§ Problem requirements:
Could you return all of the entries word for word, minus any pictures?

§ Input data:
=== Begin Enclosure ===
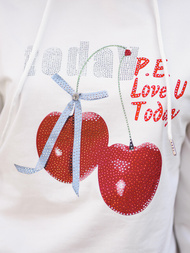 Women’s Hoodie - White OZONEE JS/8B856/1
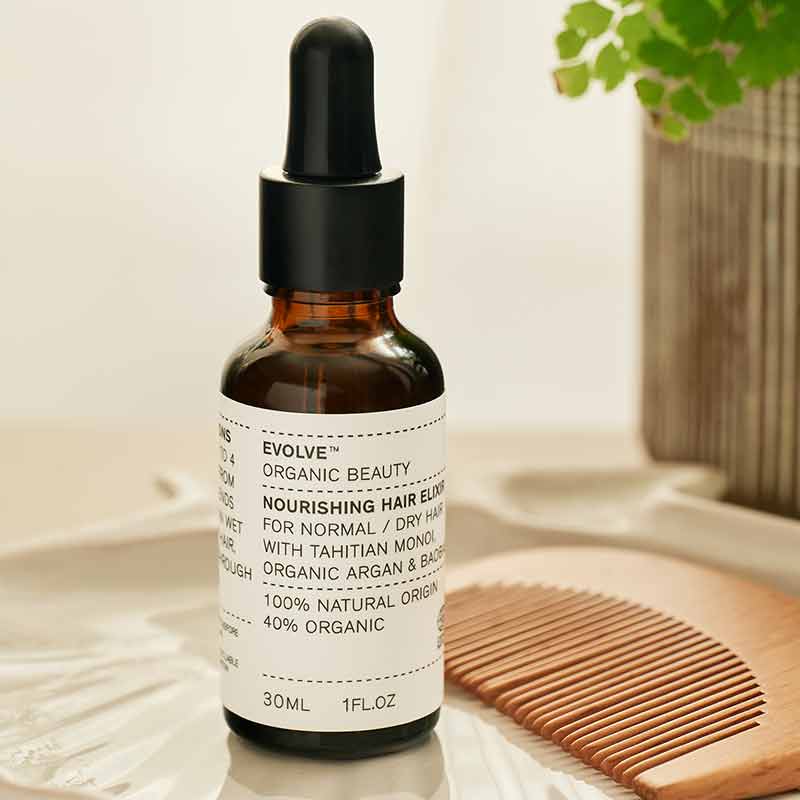 Nourishing Hair Elixir, 1 Oz, by Evolve Organic Beauty, image #4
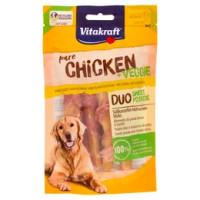 Vitakraft pure Chicken + Veggie Duo Sweet Potatoe Patate dolci e bastoncini di pollo 80 g
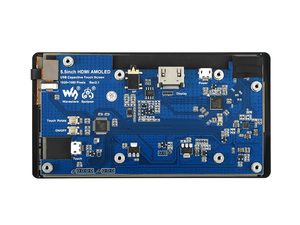 Écran AMOLED Waveshare de 5,5 pouces 1080*1920 Écran tactile capacitif avec protection en verre trempé pour Raspberry Pi 5 4B 3B Nano - Product Image 3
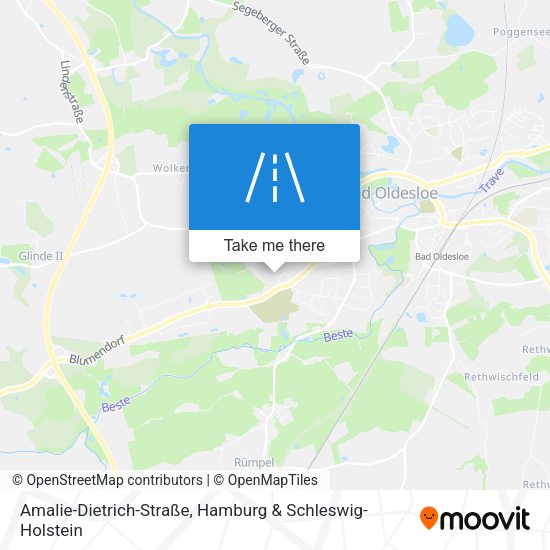 Amalie-Dietrich-Straße map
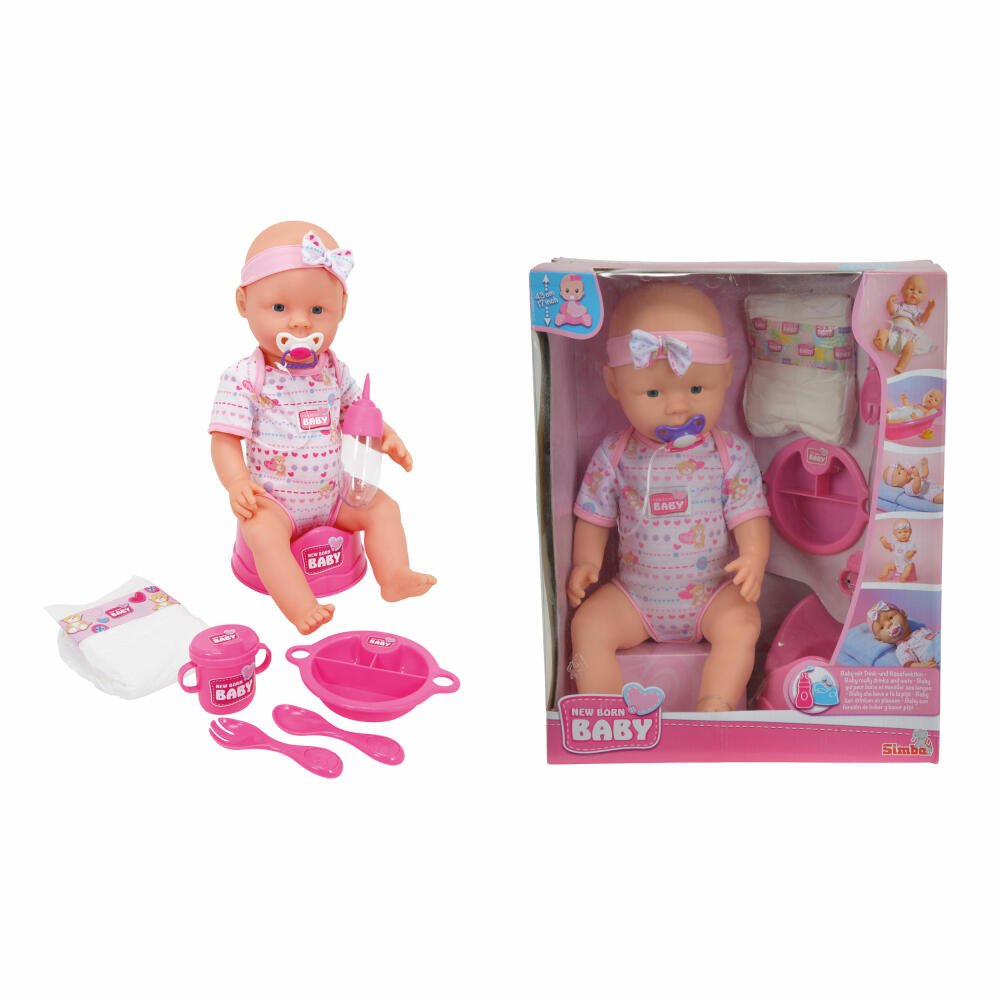 Simba New Born Baby Baby Doll, Doll, Toy, Plastic, 385 cm, 105039005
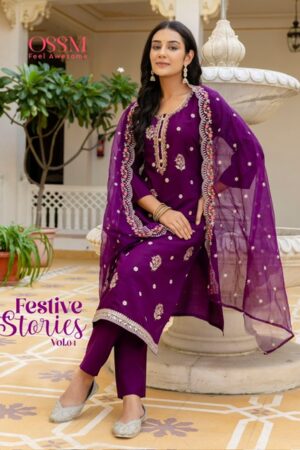OSSM FESTIVE STORIES VOL 4 VISCOSE SILK READYMADE KURTI WHOLESALER IN SURAT 8.jpg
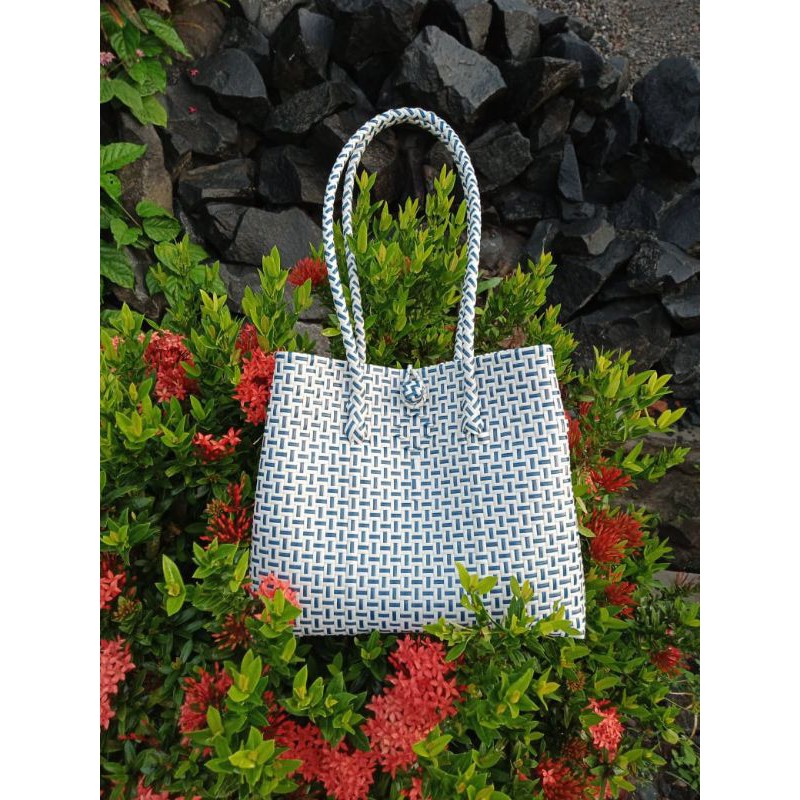 Tas Anyaman Plastik Jali-Jali Size L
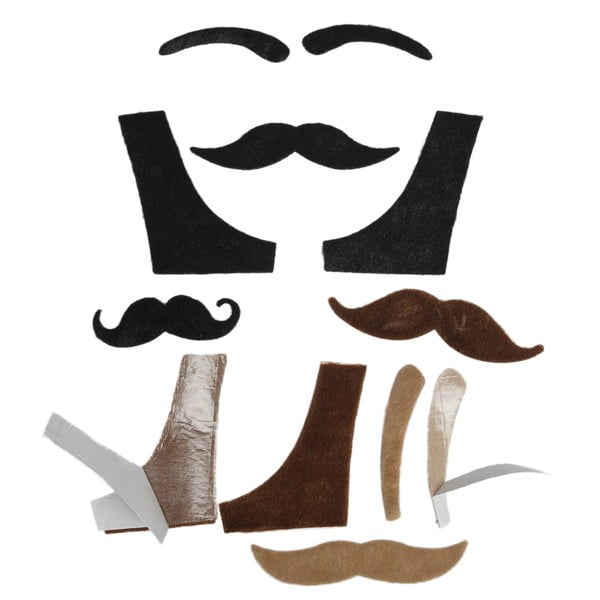 Rex London Moustache Frizētava uzlīmju komplekts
=== End Enclosure ===
§ Reply to the exercise:
 Women’s Hoodie - White OZONEE JS/8B856/1
 Nourishing Hair Elixir, 1 Oz, by Evolve Organic Beauty, image #4
 Vitakraft pure Chicken + Veggie Duo Sweet Potatoe Patate dolci e bastoncini di pollo 80 g
 Écran AMOLED Waveshare de 5,5 pouces 1080*1920 Écran tactile capacitif avec protection en verre trempé pour Raspberry Pi 5 4B 3B Nano - Product Image 3
 Amalie-Dietrich-Straße map
 Simba New Born Baby Baby Doll, Doll, Toy, Plastic, 385 cm, 105039005
OSSM FESTIVE STORIES VOL 4 VISCOSE SILK READYMADE KURTI WHOLESALER IN SURAT 8.jpg
 Tas Anyaman Plastik Jali-Jali Size L
 Rex London Moustache Frizētava uzlīmju komplekts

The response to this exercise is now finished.